Tomorrow – the reason I’m here now is because today I’ve been working on and continue to work on: How do we save the city of Aleppo from being absolutely, completely destroyed, and how do we get an arrangement where we can end the threat – hopefully for a longer period of time rather than shorter – to the to the civilians in the country? What is happening in Aleppo is the worst catastrophe – what’s happening in Syria is the worst catastrophe since World War II itself. It’s unacceptable. It’s horrible. It pains me to see children, women, some old lady being carried in a chair out of the city of Aleppo, and people worried about bombs right and bombs left and machine guns – even the people who are supposed to be on their side shooting at them to prevent them from leaving so they stay there as human shields.

So we’re arguing with a lot of people at this moment, and it’s hard, but I will say it and I’ll say this on the record – we have some press friends here and on the record I’ll say it: We are working hard with people that we even have disagreements with in order to see if we can find a way in the name of humanity and decency to be able to protect those lives and try to separate combatants and move the process forward.

We are close – we’re not there yet – but tomorrow, I will have a team from America with President Obama’s direction be in Geneva together with Russians and we will, I hope, come to some kind of an arrangement where we can see how civilians might be able to get tapped into what can happen with the armed opposition. My hope is – my goal in all of this – is not just to have a temporary thing, but to get both sides, all the parties, to the table in Geneva. And that’s what we’re working on here.
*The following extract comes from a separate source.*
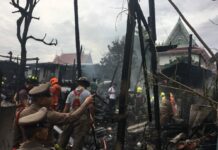 Fast-Moving Fire Torches Bangkok Community Police and firemen inspect the scene of a fire Friday morning that destroyed 16 homes in Bangkok's western district of Bangkok Yai.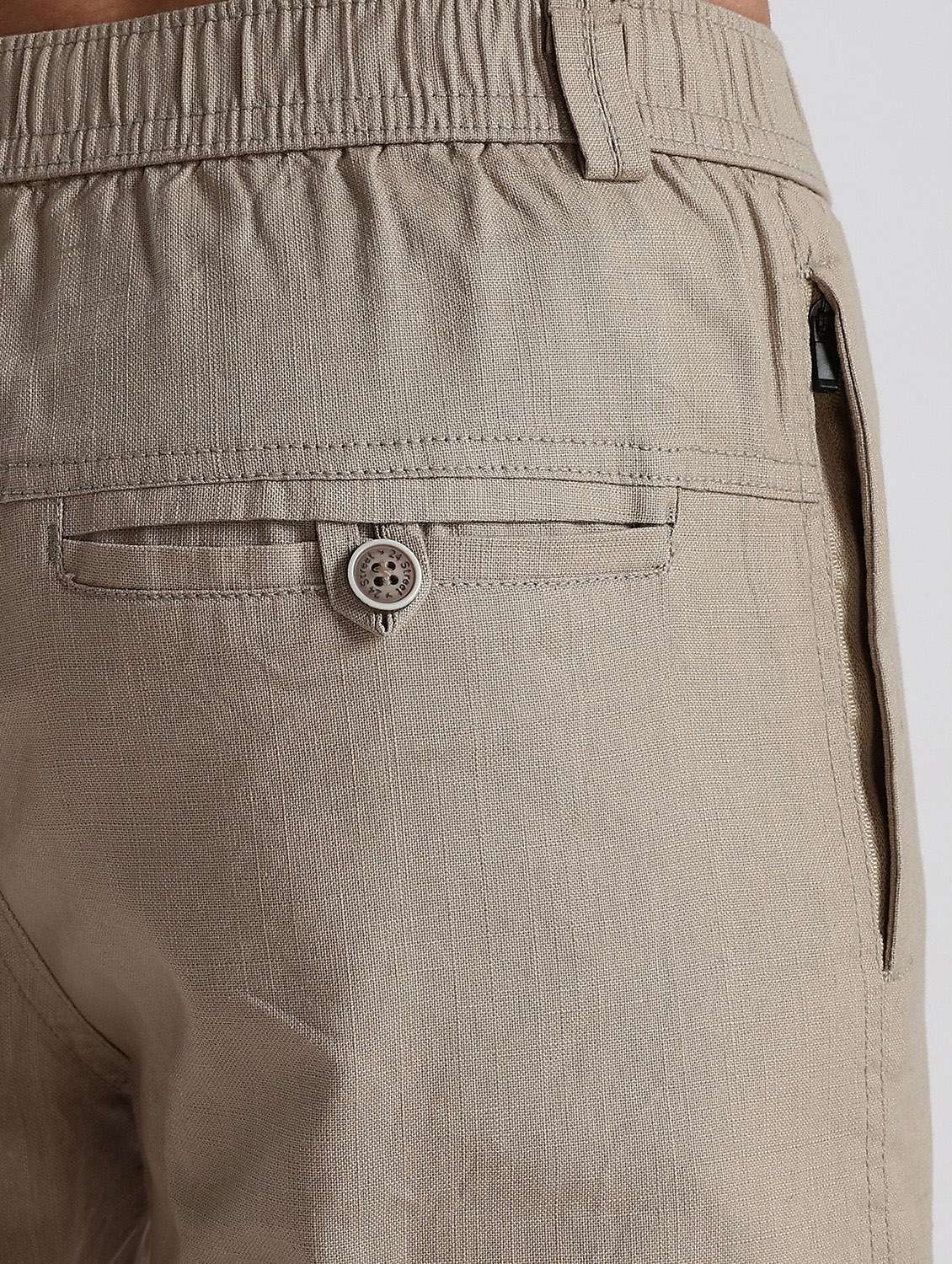 men solid mid rise regular fit shorts - 22084969 - Standard Image - 3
So that’s why I’m here and that’s why you’re supporting this effort. We’re going to try as hard as we can tomorrow. We’ll see if we can advance this process. I know people are tired of these meetings. I’m tired of these meetings. And people are sort of, “Oh, another meeting. Okay. This one will end the same way the other one did.” I get it, folks. I’m not born yesterday. But what am I supposed to do? Go home and have a nice weekend in Massachusetts while people are dying? Sit there in Washington and do nothing? That’s not the way you do business. That’s not what the United States does, it’s not what people of decency do, and that’s not what we do if we keep faith where those before us have always proved that you’ve got to keep. Whether it’s keeping fighting or keeping talking, you’ve got to keep on keeping in order to keep faith. That’s what diplomacy is about. It’s about trying. And I hope that in the next days, as I said, we can find some way to get to the table. The most important thing to me was to get to the table. Whether they’re fighting or not fighting or anything else, let’s have a serious discussion about how to end this war.

So that’s the effort. You’re all a part of it. I want to think John Natter who brought this flag out to me. John is very special and he worked for me every day since the day that I was announced as Secretary who came in with the transition. One of the first two people I met in the State Department was John Natter. He is a treasure for all of us and I want to thank John for being such a good friend and everything he’s done. Thank you, my friend. Appreciate it. (Applause.)

So God bless you all. Joyeux Noel*. Have a happy holiday. Enjoy these days, be with family, be safe, and keep on doing what you’re doing. Godspeed. (Applause.)